5 small language models for calling agent tick tools

# introduction

Agentic AI systems rely on the model’s ability to reliably call tools, select the appropriate functions, format arguments correctly, and integrate results into multi-step workflows. Large-scale frontier models such as ChatGPT, Claude, and Gemini handle this well, but they involve trade-offs in cost, latency, and hardware requirements that make them impractical for many real-world deployments. Small language models have done a good job of filling that gap, and several compact, open-weight options now offer first-class tool invocation support without having to run in the data center.
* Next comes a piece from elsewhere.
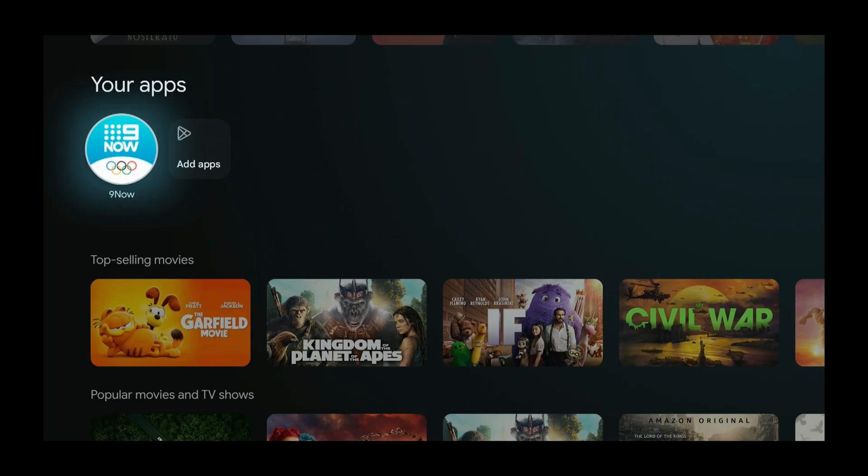That was how to install 9Now on a Google TV device using the Google Play Store. I used a Chromecast, but you could have used something else.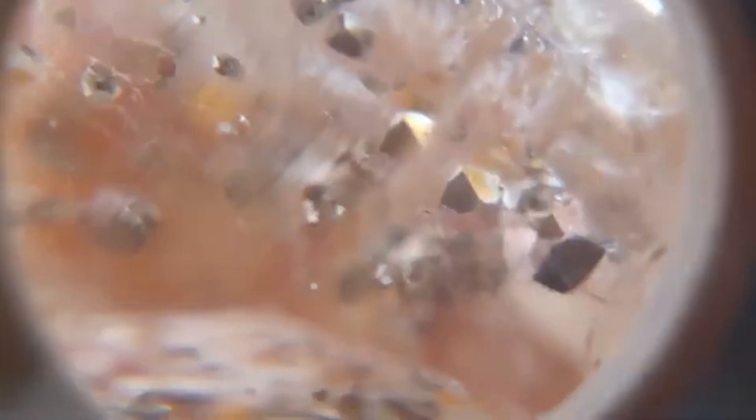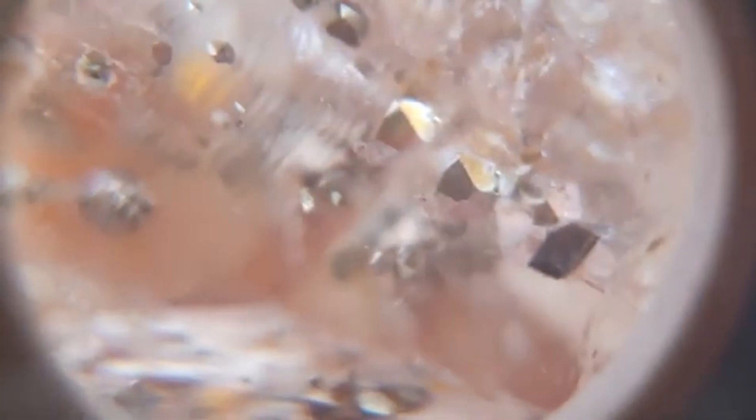Por essa beleza, por esse detalhe de ter algo dentro dele. Porque o quartzo em si não é tão valoroso. Mas quando há inclusão dentro deste quartzo, ele se torna um quartzo valioso. E, na joia, fica sensacional.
Here, in no particular order, I present five small language models for agent tool invocation. Please note that for convenience and consistency, all model links point to models hosted on Hugging Face.

# 1.SmolLM3-3B

Technical aspects	detail
parameters	3B
architecture	Decoder dedicated transformer (GQA + NoPE, 3:1 ratio)
context length	64K native. Up to 128K with YaRN extrapolation
training token	11.2T
Multilingual support	6 languages (English, French, Spanish, German, Italian, PT)
Reasoning mode	Dual mode (switching between thinking/not thinking)
tool call	Yes: JSON/XML (`xml_tools`) and Python (`python_tools`)
license	Apache 2.0

SmolLM3 is a 3B parameter language model designed to push the boundaries of small-scale models, supporting dual-mode inference, six languages, and long contexts. It is a decoder-only transformer that uses Grouped Query Attention (GQA) and No Positional Embedding (NoPE) (3:1 ratio), pre-trained on 11.2T tokens using a step-by-step curriculum of web, code, math, and inference data. Post-training training included an intermediate phase of training on 140 billion inference tokens, followed by supervised fine-tuning and tuning with Anchored Preference Optimization (APO), HuggingFace’s off-policy approach to preference adjustment. This model supports two different tool invocation interfaces: JSON/XML BLOB. xml_tools and Python-style function calls python_toolsThis makes it extremely flexible for agent pipelines and RAG systems. A fully open release including weights, datasets, and training code, SmolLM3 is ideal for chatbots, RAG systems, and code assistants on constrained hardware such as edge devices and low-VRAM machines.

# 2. Quen 3-4B-Instruction-2507

Technical aspects	detail
parameters	4.0B (3.6B non-embedded)
architecture	Causal LM, 36 layers, GQA (32 Q head / 8 KV head)
context length	262,144 tokens (native)
Reasoning mode	Non-thinking only (no block)
Multilingual support	100+ languages
tool call	Yes: Native, via Qwen-Agent / MCP
license	Apache 2.0

Quen 3-4B-Instruction-2507 Qwen3-4B is an updated version of the non-thinking mode with significant improvements in common functions such as following instructions, logical reasoning, text comprehension, math, science, coding, and tool usage. It also provides significant improvements in long-tail knowledge coverage across multiple languages. Both the Instruct and Thinking variants share a total of 4 billion parameters (3.6B excluding padding) built across 36 transformer layers and use GQA with 32 query heads and 8 key/value heads to enable efficient memory management of very long contexts. This particular no-thinking variant is optimized for direct, fast response use cases, such as providing concise answers without explicit chain-of-thought tracing, and is ideal for chatbots, customer support, and tool-invoking agents where low latency is important. Qwen3 has excellent tool invocation capabilities and Alibaba recommends using the Qwen-Agent framework. This framework encapsulates tool call templates and parsers internally, reduces coding complexity, and supports MCP server configuration files.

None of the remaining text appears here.